→ Listed entries
============
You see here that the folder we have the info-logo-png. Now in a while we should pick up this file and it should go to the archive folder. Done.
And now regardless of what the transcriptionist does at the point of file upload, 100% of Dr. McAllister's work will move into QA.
============
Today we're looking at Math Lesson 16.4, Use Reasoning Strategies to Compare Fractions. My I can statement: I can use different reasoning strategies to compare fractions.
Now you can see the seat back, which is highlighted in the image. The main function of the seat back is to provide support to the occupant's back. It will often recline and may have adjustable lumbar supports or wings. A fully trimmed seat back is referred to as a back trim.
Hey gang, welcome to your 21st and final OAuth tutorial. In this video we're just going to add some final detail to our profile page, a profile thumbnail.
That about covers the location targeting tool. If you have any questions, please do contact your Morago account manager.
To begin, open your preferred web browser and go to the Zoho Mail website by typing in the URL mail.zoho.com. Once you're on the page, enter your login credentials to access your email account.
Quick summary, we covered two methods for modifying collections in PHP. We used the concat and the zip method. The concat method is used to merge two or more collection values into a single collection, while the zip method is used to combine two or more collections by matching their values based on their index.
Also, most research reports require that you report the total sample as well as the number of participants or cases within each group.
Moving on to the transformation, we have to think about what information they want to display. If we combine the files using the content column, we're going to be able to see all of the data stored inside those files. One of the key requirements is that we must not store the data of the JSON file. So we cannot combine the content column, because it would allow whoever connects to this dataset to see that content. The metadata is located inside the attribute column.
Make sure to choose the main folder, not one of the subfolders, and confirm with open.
============
→ What is needed
Keep only those lines of the records that hold "your", and return them.

→ Result of the exercise
Hey gang, welcome to your 21st and final OAuth tutorial. In this video we're just going to add some final detail to our profile page, a profile thumbnail.
That about covers the location targeting tool. If you have any questions, please do contact your Morago account manager.
To begin, open your preferred web browser and go to the Zoho Mail website by typing in the URL mail.zoho.com. Once you're on the page, enter your login credentials to access your email account.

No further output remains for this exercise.